═══ Data for this task

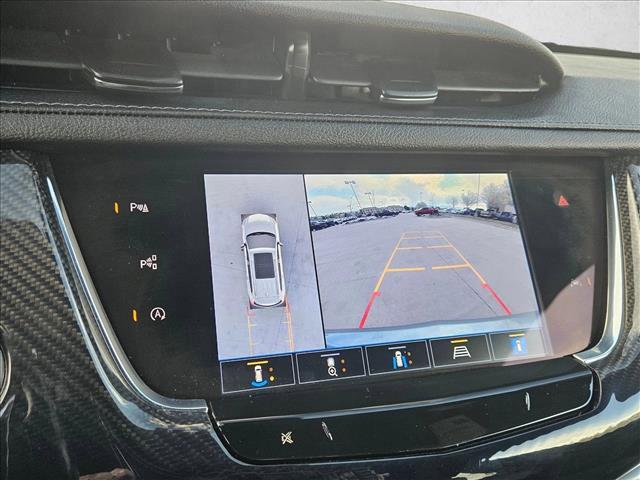 used 2023 Cadillac XT6 car, priced at $36,499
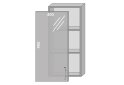 Image 1 - Верх 940 вітрина Престиж Патина / Prestige Патина MebelStar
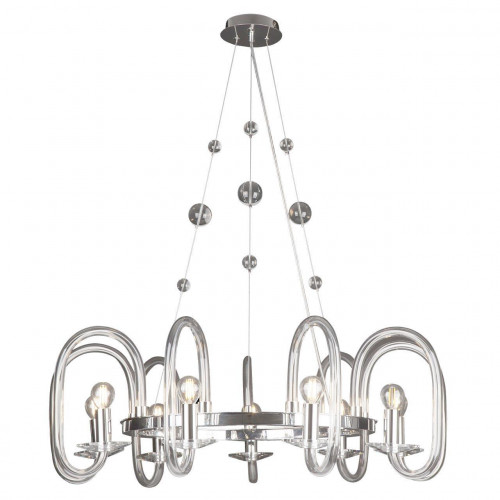 подвесная люстра maytoni taro mod026pl-09ch в Костроме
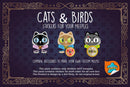 Root (Cats & Birds) Sticker Upgrade Kit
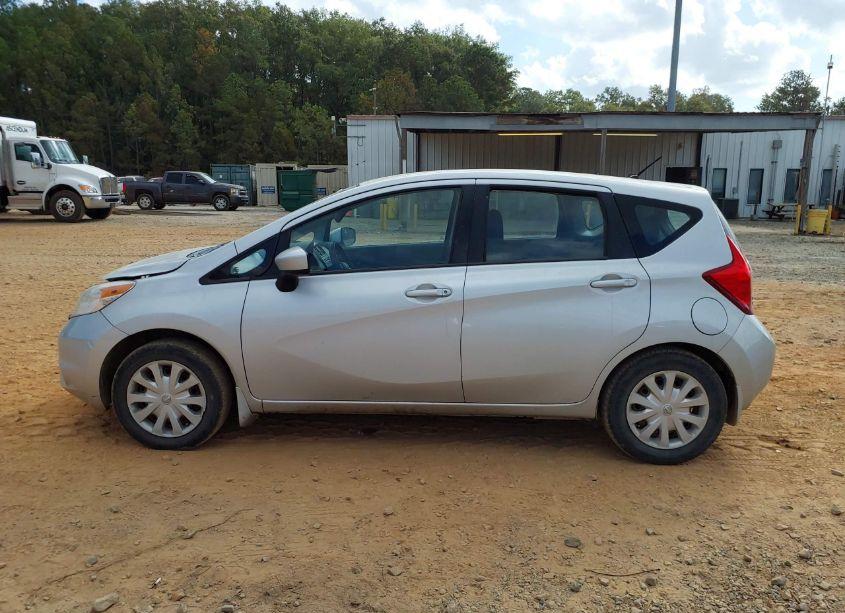 Photo 15 of 2015 Nissan Versa NOTE S PLUS (VIN 3N1CE2CP2FL446944)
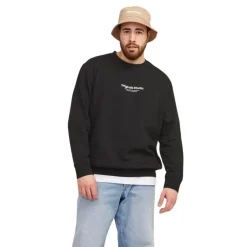 Sudaderas Jack & jones plus Jorvesterbro Sweat Crew Neck Noos PLS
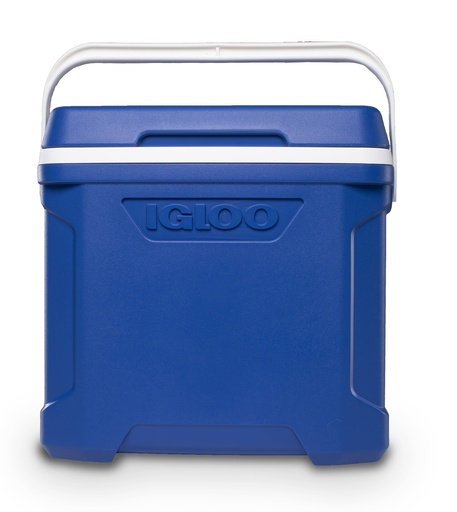 [00050344] IGLOO-Profile II 30 Cooler Box - Majestic Blue 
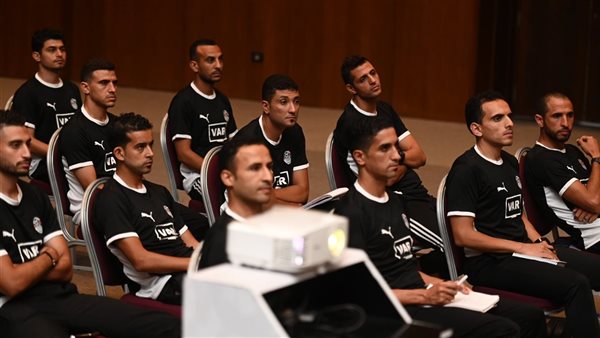 اختبارات الحكام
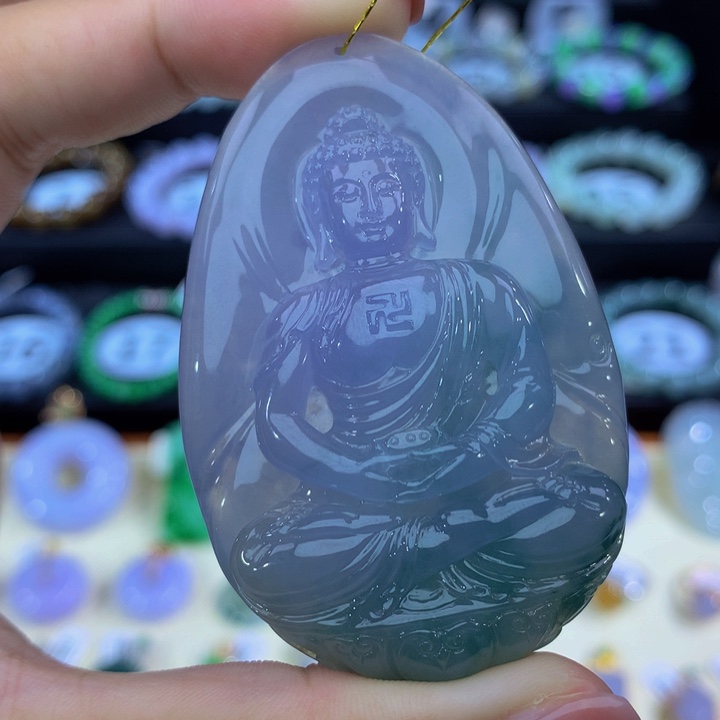 未镶嵌手链翡翠翡翠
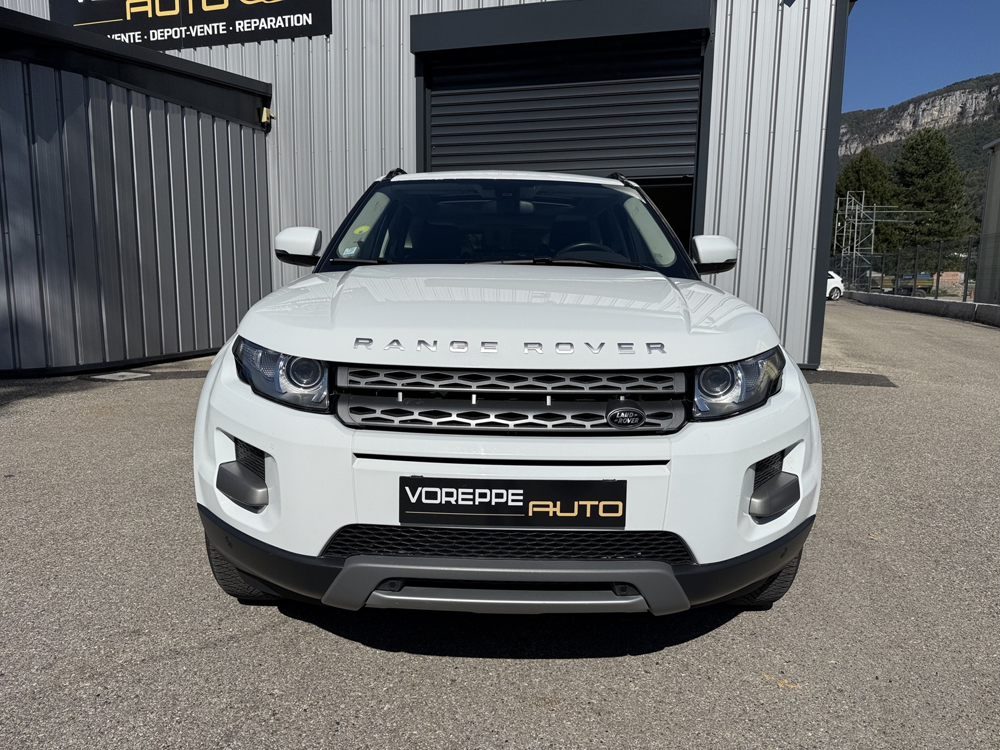 Range Rover Evoque 2.2 ED4 DYNAMIC 4X2 MARK I / TOIT PANO / HIFI MERIDIAN / SIE 2013 occasion 38340 Voreppe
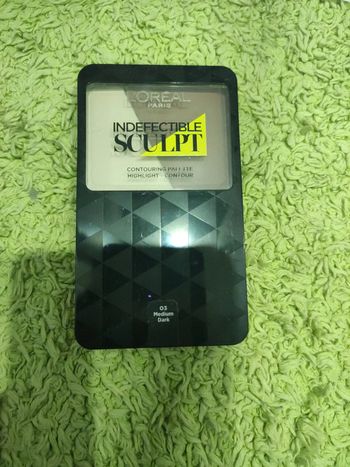 Indéfectible sculpt L'Oréal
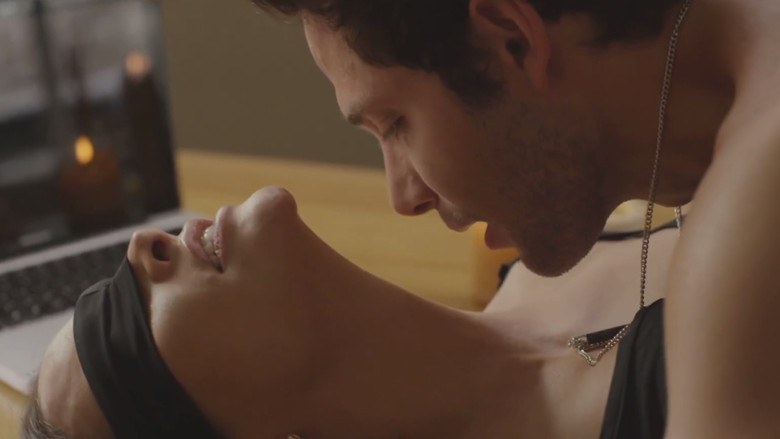 кадр из фильма Patricia, Una Pasión Escondida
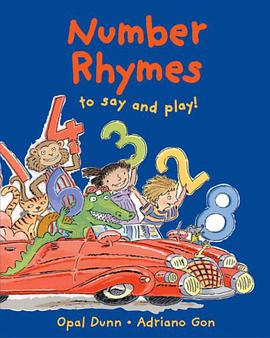 Number Rhymes to Say and Play pdf epub mobi 电子书 下载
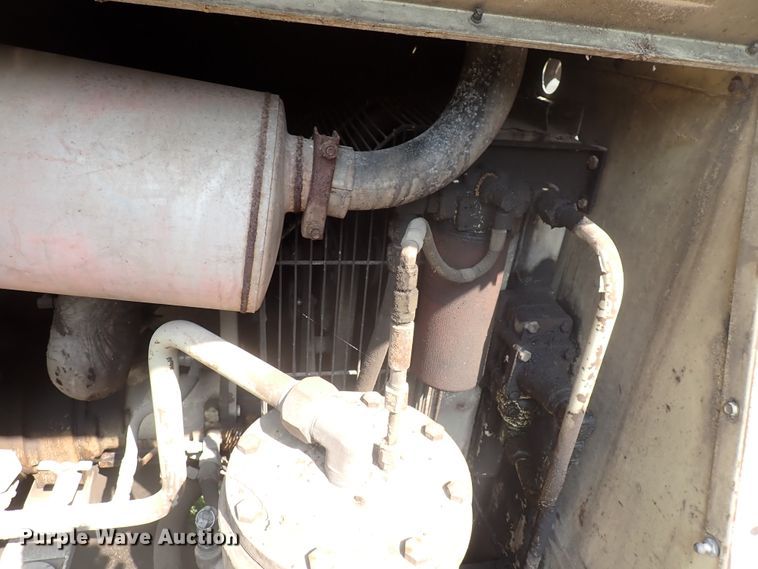 image for item DN1889 Ingersoll Rand 175  air compressor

══════

Once the line holding "кадр из фильма" is found, set it down along with every line after it through the end of the entries, exactly, leaving the pictures out.

 кадр из фильма Patricia, Una Pasión Escondida
 Number Rhymes to Say and Play pdf epub mobi 电子书 下载
 image for item DN1889 Ingersoll Rand 175  air compressor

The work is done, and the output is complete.